Ещё родители рассказывали Данилке про деда, про его злую военную судьбину. Витька не хотел слушать, всё порывался играть, а Данилка внимал с каким-то особенным трепетом. Может потому, что часто бывал у деда с бабкой и относился к ним как-то по-особенному. А послушать было что.

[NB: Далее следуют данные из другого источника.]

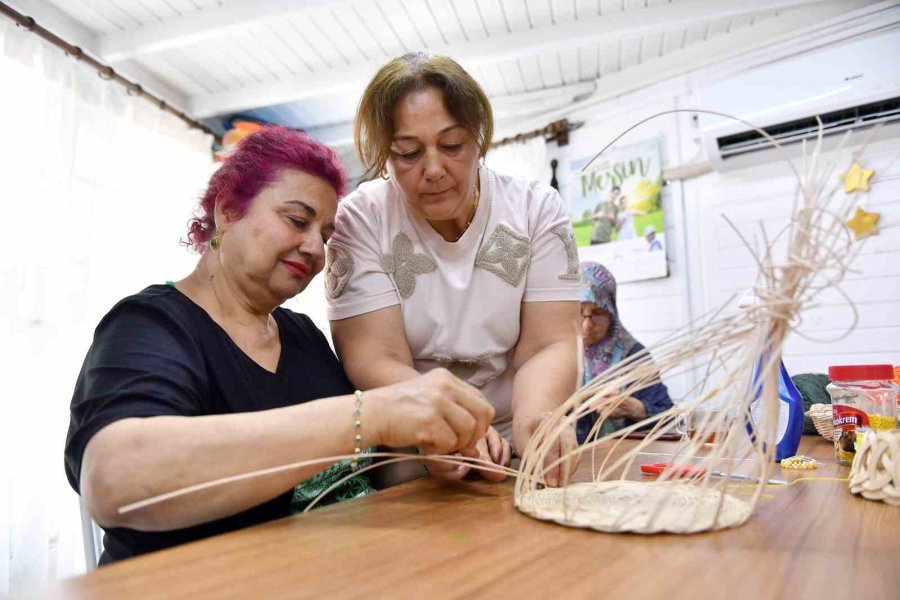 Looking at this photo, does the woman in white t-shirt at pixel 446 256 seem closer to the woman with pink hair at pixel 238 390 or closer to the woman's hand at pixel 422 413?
the woman with pink hair at pixel 238 390

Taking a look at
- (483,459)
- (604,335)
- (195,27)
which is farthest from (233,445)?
(195,27)

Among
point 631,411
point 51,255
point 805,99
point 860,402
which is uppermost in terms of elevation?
point 805,99

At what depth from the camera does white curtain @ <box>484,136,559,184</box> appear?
4.13 m

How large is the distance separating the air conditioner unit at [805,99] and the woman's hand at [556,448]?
8.12 ft

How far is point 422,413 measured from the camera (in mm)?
780

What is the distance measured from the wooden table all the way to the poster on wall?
3.09 metres

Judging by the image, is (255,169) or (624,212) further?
(624,212)

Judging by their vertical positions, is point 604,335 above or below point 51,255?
below

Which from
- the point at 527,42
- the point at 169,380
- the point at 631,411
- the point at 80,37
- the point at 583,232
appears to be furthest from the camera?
the point at 583,232

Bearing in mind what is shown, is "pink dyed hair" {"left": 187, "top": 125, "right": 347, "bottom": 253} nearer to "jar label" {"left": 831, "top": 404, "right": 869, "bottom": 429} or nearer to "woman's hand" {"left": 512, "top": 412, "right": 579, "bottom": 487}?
"woman's hand" {"left": 512, "top": 412, "right": 579, "bottom": 487}

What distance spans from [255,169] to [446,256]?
1.34 ft

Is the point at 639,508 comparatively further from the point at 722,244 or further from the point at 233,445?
the point at 722,244

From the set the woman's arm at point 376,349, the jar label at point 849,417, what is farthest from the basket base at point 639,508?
the jar label at point 849,417

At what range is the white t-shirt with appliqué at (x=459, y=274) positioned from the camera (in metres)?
1.24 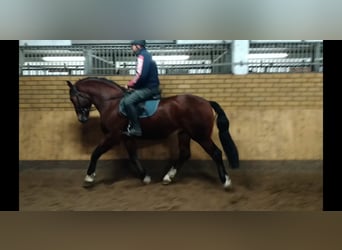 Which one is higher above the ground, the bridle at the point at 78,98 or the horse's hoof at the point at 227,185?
the bridle at the point at 78,98

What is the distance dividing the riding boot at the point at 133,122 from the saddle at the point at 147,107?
2cm

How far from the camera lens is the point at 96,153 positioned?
1.81m

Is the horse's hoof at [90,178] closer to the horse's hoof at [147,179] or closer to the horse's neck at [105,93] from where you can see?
the horse's hoof at [147,179]

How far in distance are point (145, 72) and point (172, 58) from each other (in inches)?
6.4

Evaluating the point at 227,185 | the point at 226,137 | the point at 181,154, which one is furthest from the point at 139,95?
the point at 227,185

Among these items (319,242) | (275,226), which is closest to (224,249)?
(275,226)

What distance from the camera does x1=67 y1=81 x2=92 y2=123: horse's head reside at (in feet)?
5.93

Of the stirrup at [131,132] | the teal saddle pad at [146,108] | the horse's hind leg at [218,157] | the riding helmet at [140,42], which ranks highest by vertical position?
the riding helmet at [140,42]

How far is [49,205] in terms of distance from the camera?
180 cm

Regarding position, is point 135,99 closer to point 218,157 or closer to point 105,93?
point 105,93

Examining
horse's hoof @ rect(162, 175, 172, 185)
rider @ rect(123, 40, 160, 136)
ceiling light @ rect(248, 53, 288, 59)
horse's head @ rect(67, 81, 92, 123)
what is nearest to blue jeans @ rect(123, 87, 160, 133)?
rider @ rect(123, 40, 160, 136)

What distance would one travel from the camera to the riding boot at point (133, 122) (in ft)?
5.90

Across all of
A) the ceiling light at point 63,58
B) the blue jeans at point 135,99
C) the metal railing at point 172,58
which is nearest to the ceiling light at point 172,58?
the metal railing at point 172,58

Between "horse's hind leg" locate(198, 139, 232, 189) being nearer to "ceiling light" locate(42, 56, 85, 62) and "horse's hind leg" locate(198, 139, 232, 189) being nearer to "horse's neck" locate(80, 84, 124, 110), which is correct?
"horse's neck" locate(80, 84, 124, 110) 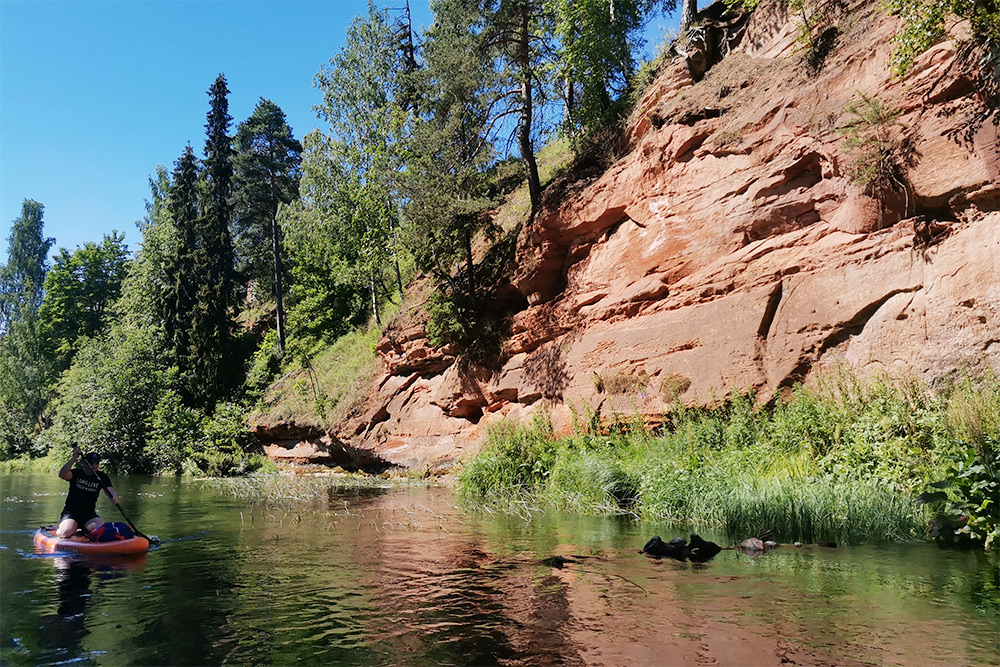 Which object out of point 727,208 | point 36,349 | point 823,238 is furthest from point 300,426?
point 36,349

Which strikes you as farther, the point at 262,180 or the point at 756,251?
the point at 262,180

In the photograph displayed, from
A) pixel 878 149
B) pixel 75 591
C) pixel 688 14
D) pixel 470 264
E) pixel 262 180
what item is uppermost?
pixel 262 180

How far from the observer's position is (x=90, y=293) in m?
62.7

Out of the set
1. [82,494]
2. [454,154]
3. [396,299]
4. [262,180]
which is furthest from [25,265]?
[82,494]

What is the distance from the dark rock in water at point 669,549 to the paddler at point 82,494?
29.1 ft

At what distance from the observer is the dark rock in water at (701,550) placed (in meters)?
8.57

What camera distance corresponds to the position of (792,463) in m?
11.3

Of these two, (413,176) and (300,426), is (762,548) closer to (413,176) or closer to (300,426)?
(413,176)

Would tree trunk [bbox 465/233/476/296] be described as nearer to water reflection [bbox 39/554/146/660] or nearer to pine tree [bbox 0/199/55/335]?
water reflection [bbox 39/554/146/660]

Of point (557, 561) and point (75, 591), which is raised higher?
point (557, 561)

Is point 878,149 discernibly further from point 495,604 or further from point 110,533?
point 110,533

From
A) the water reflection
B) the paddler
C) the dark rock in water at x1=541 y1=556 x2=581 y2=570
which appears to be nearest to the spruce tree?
the paddler

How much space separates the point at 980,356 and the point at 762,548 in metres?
5.67

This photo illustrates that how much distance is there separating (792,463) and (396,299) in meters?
32.4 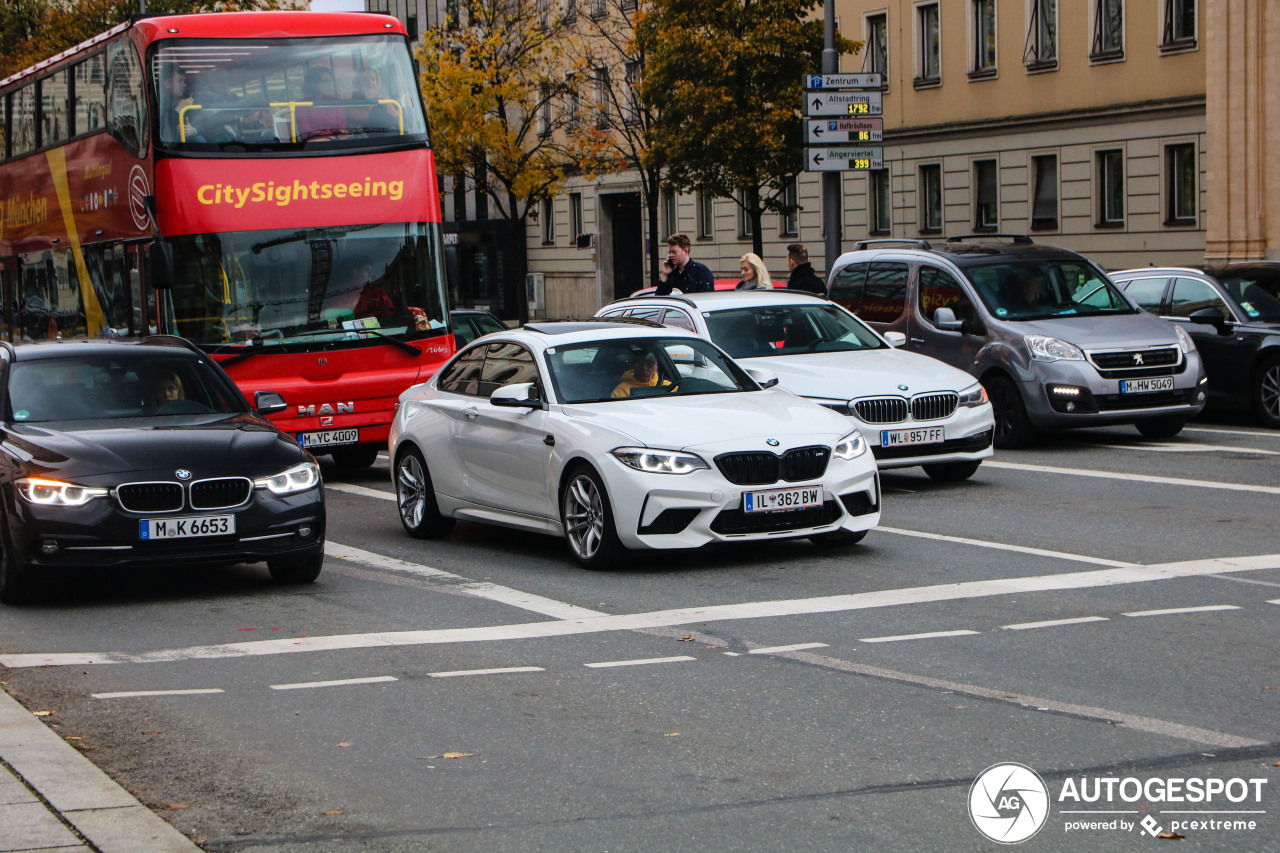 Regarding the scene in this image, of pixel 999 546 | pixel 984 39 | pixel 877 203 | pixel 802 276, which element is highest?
pixel 984 39

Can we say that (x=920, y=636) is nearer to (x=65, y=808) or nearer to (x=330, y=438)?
(x=65, y=808)

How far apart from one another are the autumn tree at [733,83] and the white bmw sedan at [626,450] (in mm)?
25943

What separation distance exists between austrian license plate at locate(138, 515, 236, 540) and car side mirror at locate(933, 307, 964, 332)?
361 inches

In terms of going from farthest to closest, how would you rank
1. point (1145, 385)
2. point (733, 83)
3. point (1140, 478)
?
point (733, 83), point (1145, 385), point (1140, 478)

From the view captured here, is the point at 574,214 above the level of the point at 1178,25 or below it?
below

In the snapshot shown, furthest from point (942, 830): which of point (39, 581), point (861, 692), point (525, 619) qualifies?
point (39, 581)

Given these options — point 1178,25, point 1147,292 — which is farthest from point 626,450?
point 1178,25

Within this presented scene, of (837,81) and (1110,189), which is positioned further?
(1110,189)

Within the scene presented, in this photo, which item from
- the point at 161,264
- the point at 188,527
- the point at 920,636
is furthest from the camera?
the point at 161,264

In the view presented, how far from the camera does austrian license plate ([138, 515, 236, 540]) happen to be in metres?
9.80

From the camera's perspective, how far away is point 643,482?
34.0 ft

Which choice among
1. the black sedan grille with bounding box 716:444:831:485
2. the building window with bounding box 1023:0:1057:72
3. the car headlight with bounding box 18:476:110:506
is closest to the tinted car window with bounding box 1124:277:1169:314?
the black sedan grille with bounding box 716:444:831:485

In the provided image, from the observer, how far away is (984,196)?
4166cm

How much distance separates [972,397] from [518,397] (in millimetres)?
4532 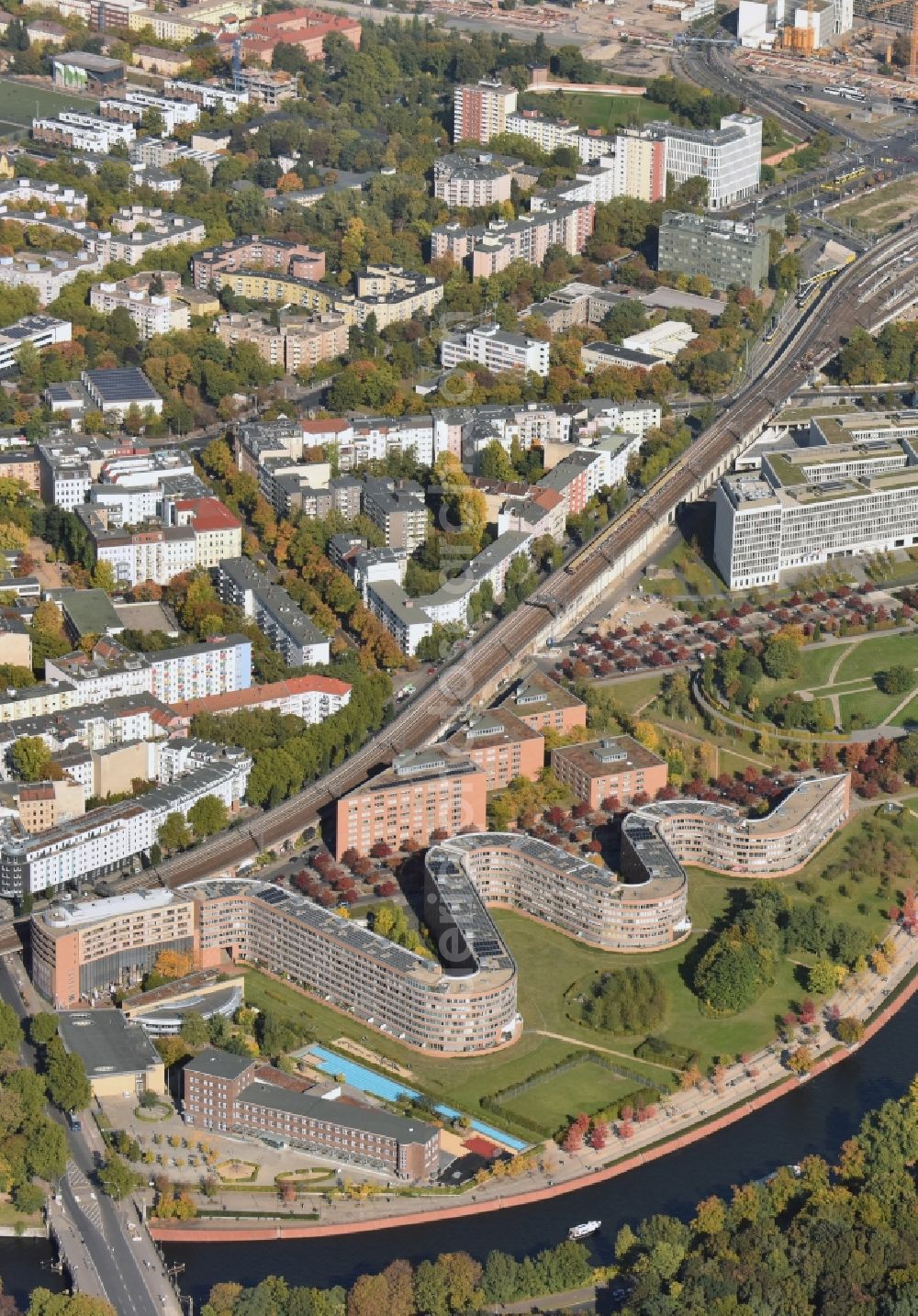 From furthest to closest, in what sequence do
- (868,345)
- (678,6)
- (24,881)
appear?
1. (678,6)
2. (868,345)
3. (24,881)

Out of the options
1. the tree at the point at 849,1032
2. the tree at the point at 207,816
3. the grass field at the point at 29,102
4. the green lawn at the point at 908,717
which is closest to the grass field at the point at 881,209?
the grass field at the point at 29,102

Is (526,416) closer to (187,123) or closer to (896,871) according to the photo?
(896,871)

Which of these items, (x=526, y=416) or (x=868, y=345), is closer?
(x=526, y=416)

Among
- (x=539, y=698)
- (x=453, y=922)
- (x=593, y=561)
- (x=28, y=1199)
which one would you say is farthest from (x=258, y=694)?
(x=28, y=1199)

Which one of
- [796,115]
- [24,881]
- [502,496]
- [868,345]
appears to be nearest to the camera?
[24,881]

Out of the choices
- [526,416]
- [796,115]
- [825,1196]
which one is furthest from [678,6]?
[825,1196]

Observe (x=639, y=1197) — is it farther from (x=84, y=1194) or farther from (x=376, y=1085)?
(x=84, y=1194) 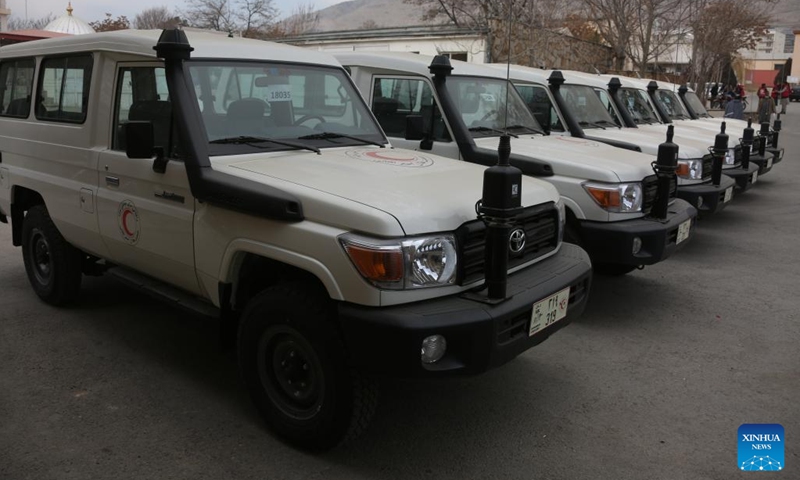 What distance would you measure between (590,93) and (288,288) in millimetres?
7216

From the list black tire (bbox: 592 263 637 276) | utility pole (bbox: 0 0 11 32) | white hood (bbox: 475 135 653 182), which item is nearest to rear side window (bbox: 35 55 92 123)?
white hood (bbox: 475 135 653 182)

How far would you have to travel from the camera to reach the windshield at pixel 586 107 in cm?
884

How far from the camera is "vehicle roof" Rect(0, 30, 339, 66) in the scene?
4121 millimetres

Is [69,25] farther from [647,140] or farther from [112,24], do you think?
[647,140]

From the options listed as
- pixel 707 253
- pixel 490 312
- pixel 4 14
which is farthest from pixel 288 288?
pixel 4 14

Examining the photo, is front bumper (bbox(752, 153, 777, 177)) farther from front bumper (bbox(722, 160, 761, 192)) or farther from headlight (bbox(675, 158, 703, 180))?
headlight (bbox(675, 158, 703, 180))

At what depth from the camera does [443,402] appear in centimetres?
402

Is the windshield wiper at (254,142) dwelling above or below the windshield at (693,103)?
below

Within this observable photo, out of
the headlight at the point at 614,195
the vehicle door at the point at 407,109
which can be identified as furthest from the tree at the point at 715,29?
the headlight at the point at 614,195

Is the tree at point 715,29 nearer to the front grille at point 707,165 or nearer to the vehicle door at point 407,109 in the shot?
the front grille at point 707,165

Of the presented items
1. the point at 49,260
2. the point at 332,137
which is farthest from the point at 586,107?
the point at 49,260

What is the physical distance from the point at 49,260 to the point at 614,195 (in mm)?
4350

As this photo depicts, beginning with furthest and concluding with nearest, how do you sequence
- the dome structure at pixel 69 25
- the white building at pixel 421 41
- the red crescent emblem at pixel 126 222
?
the dome structure at pixel 69 25
the white building at pixel 421 41
the red crescent emblem at pixel 126 222

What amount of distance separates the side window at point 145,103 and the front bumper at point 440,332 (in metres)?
1.75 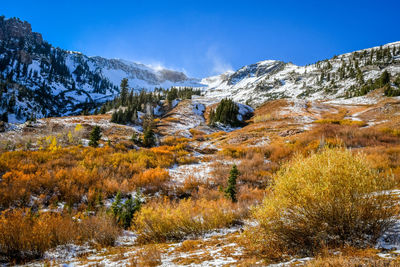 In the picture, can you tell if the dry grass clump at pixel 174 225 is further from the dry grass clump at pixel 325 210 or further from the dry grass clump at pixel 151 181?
the dry grass clump at pixel 151 181

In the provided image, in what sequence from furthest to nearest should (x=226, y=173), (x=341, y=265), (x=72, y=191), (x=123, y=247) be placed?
1. (x=226, y=173)
2. (x=72, y=191)
3. (x=123, y=247)
4. (x=341, y=265)

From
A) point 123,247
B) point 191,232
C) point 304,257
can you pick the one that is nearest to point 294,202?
point 304,257

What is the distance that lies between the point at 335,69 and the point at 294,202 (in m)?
167

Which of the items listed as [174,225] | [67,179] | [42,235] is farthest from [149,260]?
[67,179]

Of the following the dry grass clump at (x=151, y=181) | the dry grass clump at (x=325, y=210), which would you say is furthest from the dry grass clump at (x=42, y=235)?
the dry grass clump at (x=151, y=181)

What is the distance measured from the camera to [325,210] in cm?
301

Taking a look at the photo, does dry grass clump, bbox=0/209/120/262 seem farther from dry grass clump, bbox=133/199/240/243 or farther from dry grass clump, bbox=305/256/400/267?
dry grass clump, bbox=305/256/400/267

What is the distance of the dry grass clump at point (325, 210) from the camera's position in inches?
110

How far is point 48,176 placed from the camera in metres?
7.86

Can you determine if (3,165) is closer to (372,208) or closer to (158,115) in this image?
(372,208)

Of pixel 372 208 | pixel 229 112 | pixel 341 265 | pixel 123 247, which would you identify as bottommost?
pixel 123 247

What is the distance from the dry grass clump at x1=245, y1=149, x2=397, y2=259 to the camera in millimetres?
2783

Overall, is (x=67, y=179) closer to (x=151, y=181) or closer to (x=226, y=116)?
(x=151, y=181)

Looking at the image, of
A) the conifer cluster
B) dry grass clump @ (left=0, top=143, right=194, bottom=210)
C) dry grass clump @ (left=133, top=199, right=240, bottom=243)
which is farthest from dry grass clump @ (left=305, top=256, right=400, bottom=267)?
the conifer cluster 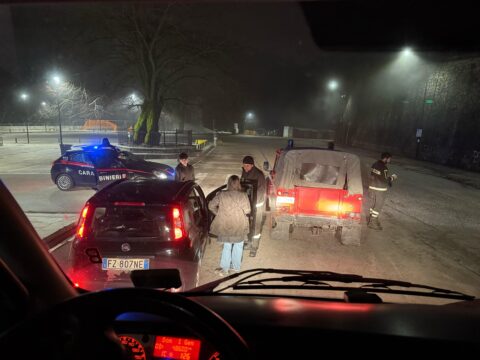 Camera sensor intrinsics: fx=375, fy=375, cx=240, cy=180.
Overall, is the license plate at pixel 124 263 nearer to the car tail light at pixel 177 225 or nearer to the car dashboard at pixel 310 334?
the car tail light at pixel 177 225

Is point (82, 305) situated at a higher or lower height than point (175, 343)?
higher

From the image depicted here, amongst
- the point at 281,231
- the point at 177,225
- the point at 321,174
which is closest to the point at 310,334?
the point at 177,225

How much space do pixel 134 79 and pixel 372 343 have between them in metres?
36.0

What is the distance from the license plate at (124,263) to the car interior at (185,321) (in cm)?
200

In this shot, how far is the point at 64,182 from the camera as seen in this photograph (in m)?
13.2

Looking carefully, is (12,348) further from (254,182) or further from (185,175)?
(185,175)

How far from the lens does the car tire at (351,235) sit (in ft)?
25.2

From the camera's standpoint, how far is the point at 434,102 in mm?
29016

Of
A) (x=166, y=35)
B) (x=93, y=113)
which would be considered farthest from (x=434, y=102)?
(x=93, y=113)

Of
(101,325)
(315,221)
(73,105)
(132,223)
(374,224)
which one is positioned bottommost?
(374,224)

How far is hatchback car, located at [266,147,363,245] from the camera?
7633 millimetres

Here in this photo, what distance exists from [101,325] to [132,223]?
12.9 ft

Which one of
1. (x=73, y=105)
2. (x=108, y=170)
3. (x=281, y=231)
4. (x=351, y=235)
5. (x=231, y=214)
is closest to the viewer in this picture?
(x=231, y=214)

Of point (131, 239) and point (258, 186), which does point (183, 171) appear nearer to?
point (258, 186) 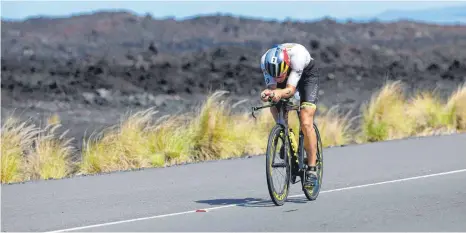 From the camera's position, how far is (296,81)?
11180mm

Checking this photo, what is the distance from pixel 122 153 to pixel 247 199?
4566mm

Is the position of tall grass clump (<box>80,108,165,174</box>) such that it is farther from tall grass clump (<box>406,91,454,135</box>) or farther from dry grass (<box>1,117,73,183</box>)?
tall grass clump (<box>406,91,454,135</box>)

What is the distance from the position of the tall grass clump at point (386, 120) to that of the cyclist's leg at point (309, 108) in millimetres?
7865

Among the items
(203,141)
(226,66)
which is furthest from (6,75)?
(203,141)

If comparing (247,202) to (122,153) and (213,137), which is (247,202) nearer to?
(122,153)

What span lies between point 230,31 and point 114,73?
27.9 m

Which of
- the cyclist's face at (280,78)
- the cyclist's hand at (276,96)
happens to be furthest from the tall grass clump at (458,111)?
the cyclist's hand at (276,96)

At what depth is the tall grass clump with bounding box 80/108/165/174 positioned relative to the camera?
53.0 feet

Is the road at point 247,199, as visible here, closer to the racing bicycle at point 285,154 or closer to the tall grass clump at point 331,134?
the racing bicycle at point 285,154

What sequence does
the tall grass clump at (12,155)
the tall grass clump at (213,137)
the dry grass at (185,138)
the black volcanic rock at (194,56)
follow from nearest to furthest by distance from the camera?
the tall grass clump at (12,155) → the dry grass at (185,138) → the tall grass clump at (213,137) → the black volcanic rock at (194,56)

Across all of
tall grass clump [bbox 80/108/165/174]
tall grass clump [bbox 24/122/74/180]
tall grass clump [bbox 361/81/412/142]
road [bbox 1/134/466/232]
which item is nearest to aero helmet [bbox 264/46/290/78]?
road [bbox 1/134/466/232]

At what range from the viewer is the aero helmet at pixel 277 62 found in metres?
11.1

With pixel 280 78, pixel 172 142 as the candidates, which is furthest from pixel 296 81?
pixel 172 142

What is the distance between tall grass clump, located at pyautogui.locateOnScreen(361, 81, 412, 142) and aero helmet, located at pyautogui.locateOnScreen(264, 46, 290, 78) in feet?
27.6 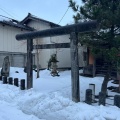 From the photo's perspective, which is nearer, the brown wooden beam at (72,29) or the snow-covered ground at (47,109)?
the snow-covered ground at (47,109)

На четвёртом году самой смертоносной войны двадцатого века белорусский партизан Данила Трофимович Гончаров, участвуя в операции по освобождению родного городка силами сводного отряда танковой дивизии и народных мстителей, получил контузию и множественные осколочные ранения. За проявленную храбрость был награждён орденом и отправлен на излечение в тыловой госпиталь, в предместье Города. Операции по извлечению осколков из могучего тела Гончарова задержали его на больничной койке более двух месяцев. А когда дело пошло на поправку, он запросился на фронт, в чём ему уважительно, но твёрдо, было отказано. С выздоравливающими бойцами беседовал бывший танкист, полковник по фамилии Страхов, приземистый, с обожжённым лицом, с круглыми немигающими, как у стервятника, глазами, вправленными в болезненно стянутую кожу. Он сидел за широким дубовым столом подчёркнуто прямой, положив перед собой руки «бутербродом» от локтя до локтя, как учили сидеть советских школьников. Разговаривал коротко, отрывисто, подкрепляя слова скупыми отработанными жестами. Переплавленный в горниле войны и упакованный в чистый торжественный китель с белоснежной каймой подворотничка у изрытой рубцами шее, подобно меловой линии на неровностях выветренной известковой породы, он казался Гончарову сфинксом, олицетворяющим неумолимую государственную машину. И потому он, Данила Трофимович Гончаров, бесстрашный солдат Великой Отечественной, в присутствии полковника невольно робел и был готов подчиниться любому его указанию.